2018.03.02 マッキナ あらモーダ! 大矢 アキオ

高齢の運転者には肯定的?

先日、あるイタリア人宅を訪問したときのことである。夫妻が乗る「トヨタ・カローラ」のほかにもう1台、先々代の「シトロエンC3」が置いてあった。

夫人の父親の愛車という。さらに聞いて驚いた。「父は95歳だけど、まだ現役で運転してるの」。そして元教員という彼女は「私より運転がうまいくらいよ」と言って屈託のない笑みを浮かべた。

イタリアの価格比較サイト『ファーチレ・プントイット』が2017年に発表したところによると、今日イタリアでは、90歳以上の運転免許保有者は6万人を超える。

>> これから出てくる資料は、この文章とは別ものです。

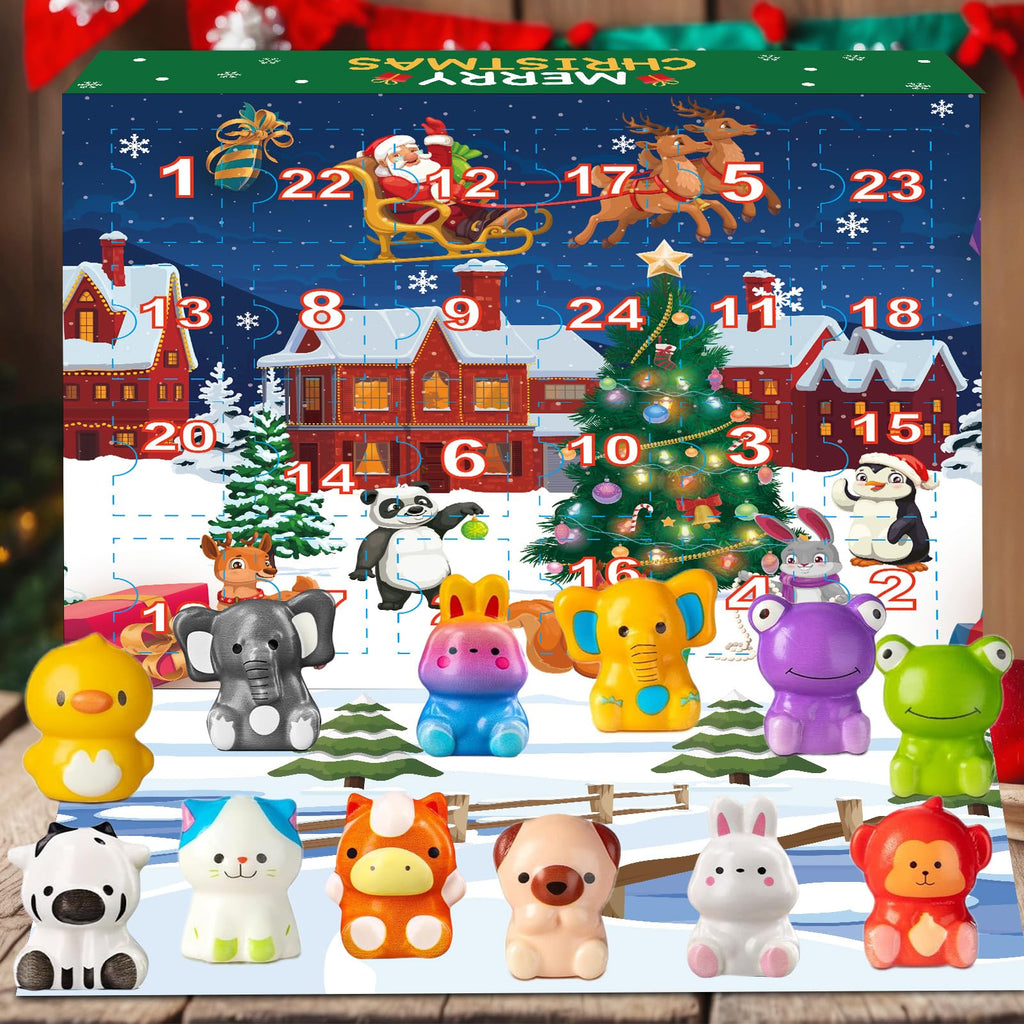 Govetom 2025 Christmas Advent Calendar 24 Days Slow Rising Squishy Multi-color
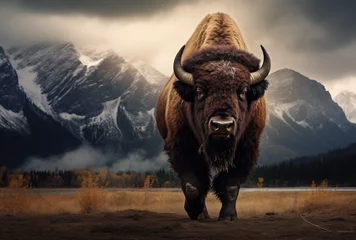 Foto op Plexiglas A bison in front of mountains. © LAJT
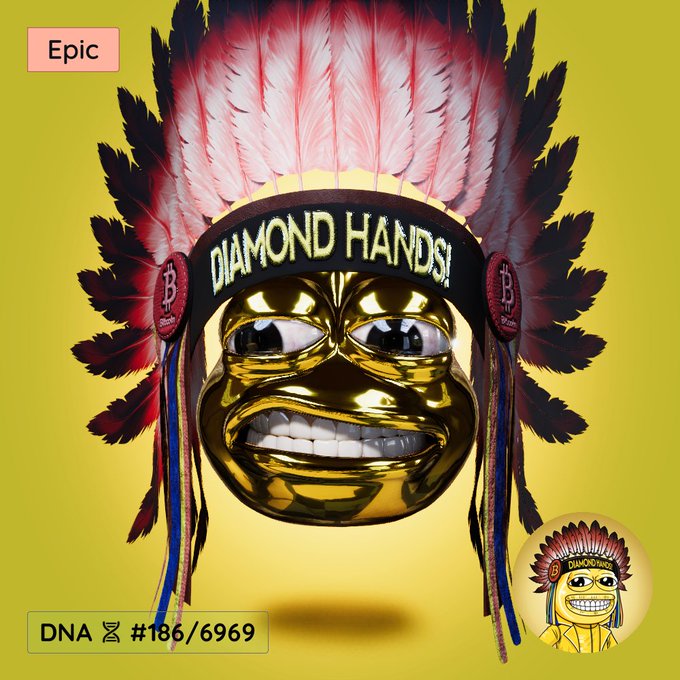 An 'Epic' rarity NFT artwork on a yellow background depicting a golden grinning face wearing a Native American-style feathered headdress and a headband reading 'DIAMOND HANDS!' adorned with Bitcoin logos, labeled DNA #186/6969.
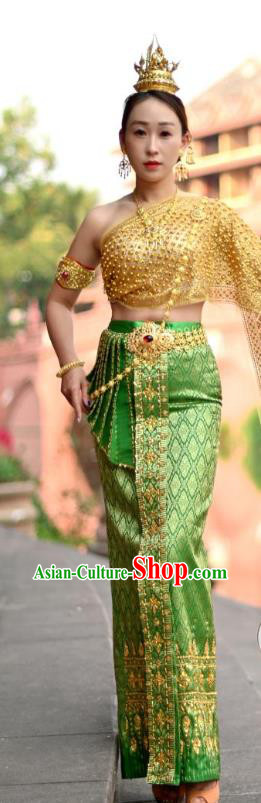 Asian Thai Female Folk Dance Embroidery Beads Uniforms Clothing Thailand Princess Green Dress Asian Thai Female Folk Dance Embroidery Beads Uniforms Clothing Thailand Princess Green Dress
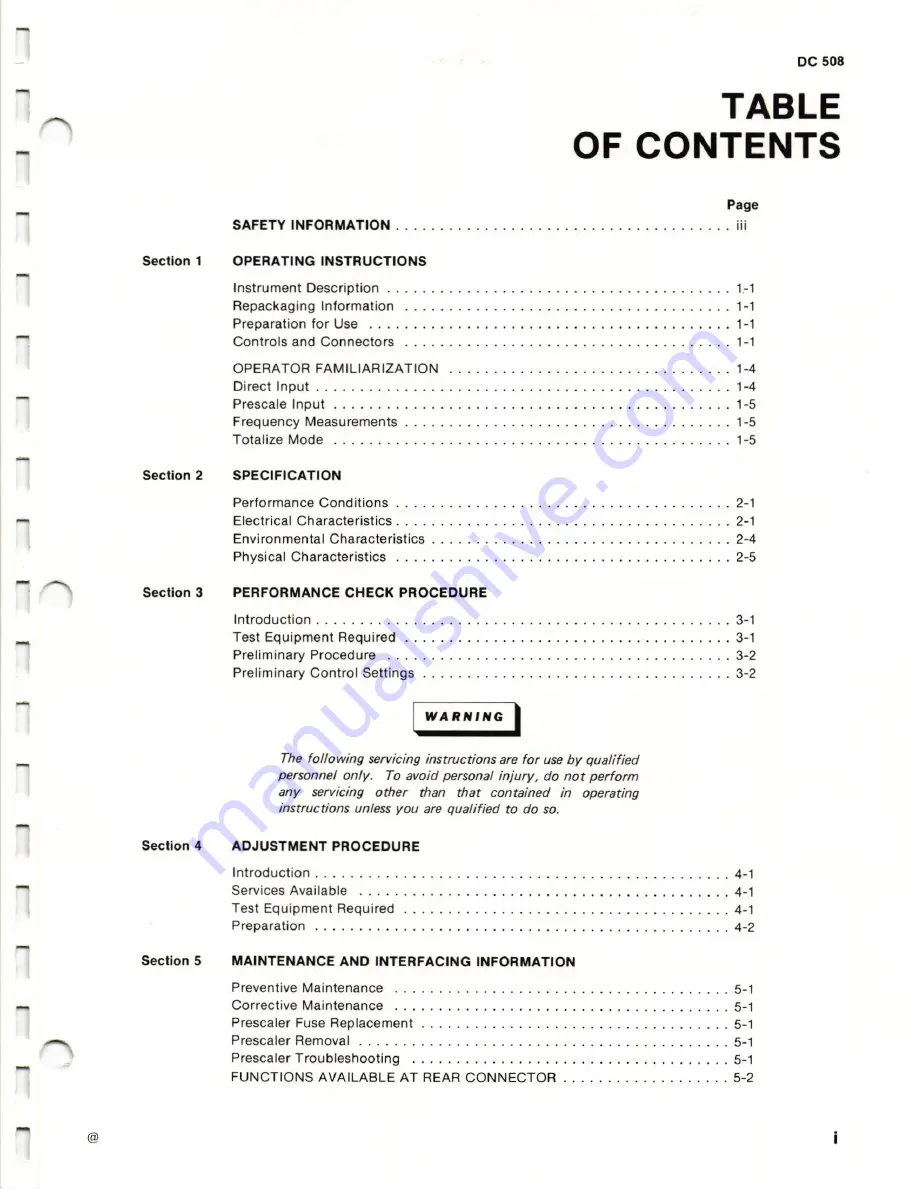 Tektronix DC508 Instruction Manual Download Page 3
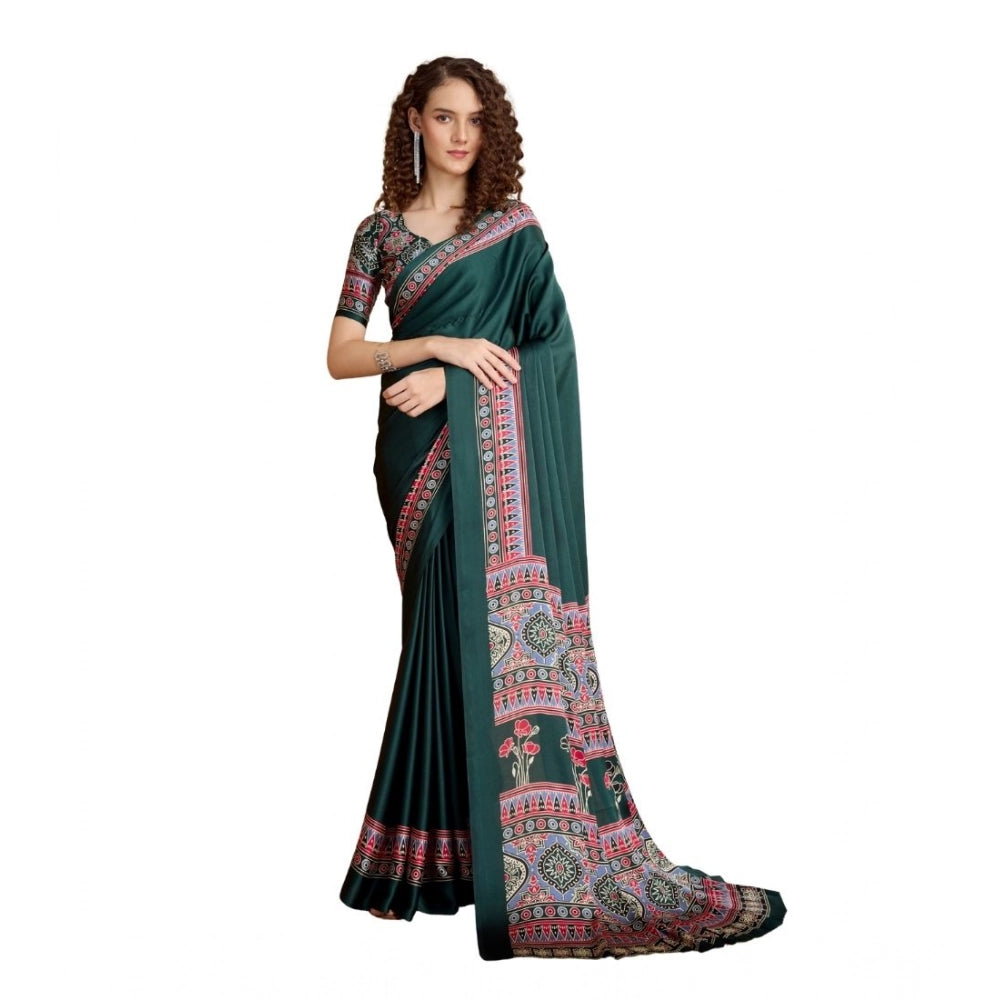 Generic Women's Satin Crepe Printed Saree With Unstitched Blouse 5.5Mtr (Green) - VANSHELLE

一方、テレビのニュースでは、少なくとも年に1度は「元気に運転するおじいちゃん」といったトピックが紹介される。2017年6月には100歳を迎えた元自動車部品商の男性が運転する様子が報じられた。車種は、イタリアでお年寄りから絶大な人気を獲得しながらも販売終了となった韓国GM製「シボレー・マティス」だった。

こうしたとき、イタリアのメディアの伝え方は、前述の夫人同様“ほのぼのした話題”だ。つまりポジティブな扱いなのである。

筆者のアルバムにおさまっている、親愛なる高齢ドライバーの皆さん。ジャンカルロ&オネリア夫妻と「ヒュンダイ・ゲッツ」。
筆者のアルバムにおさまっている、親愛なる高齢ドライバーの皆さん。ジャンカルロ&オネリア夫妻と「ヒュンダイ・ゲッツ」。拡大
カルロ氏と「スズキSX4」。
カルロ氏と「スズキSX4」。拡大

事故のトップは「運転中」

イタリアの自治形態は、大きいほうから州・県・地域自治体(コムーネ)と、日本に比べて複雑である。

その影響もあって、高齢者が関係した事故に関する全国調査や統計は、日本に比べて多くはない。

Cmrという機関が2017年に発表した「高齢者と交通事故」と題するリポートも、実は北部ロンバルディア州を中心に論じたものだ。しかし幸い、イタリア全国に関する現状も詳しく記されている。

それによると、2015年にイタリアにおいて交通事故で死亡した高齢者は、10年前の2005年に比べて20.5%減の1万7651人だった。

喜んではいけない。17歳以下は75.1%減、18歳から64歳までが実に54.1%も減っていることと比較すると、高齢者の死亡者数は減少のペースが緩慢なのだ。

高齢者が交通事故にどのような形で関係したかを示す数値によると、圧倒的に多いのは「運転者」の1万8492人で、「歩行者」6710人、「同乗者」5454人を大きく引き離している。そして「運転者」の数は、前年の2014年よりも472人増えているのだ。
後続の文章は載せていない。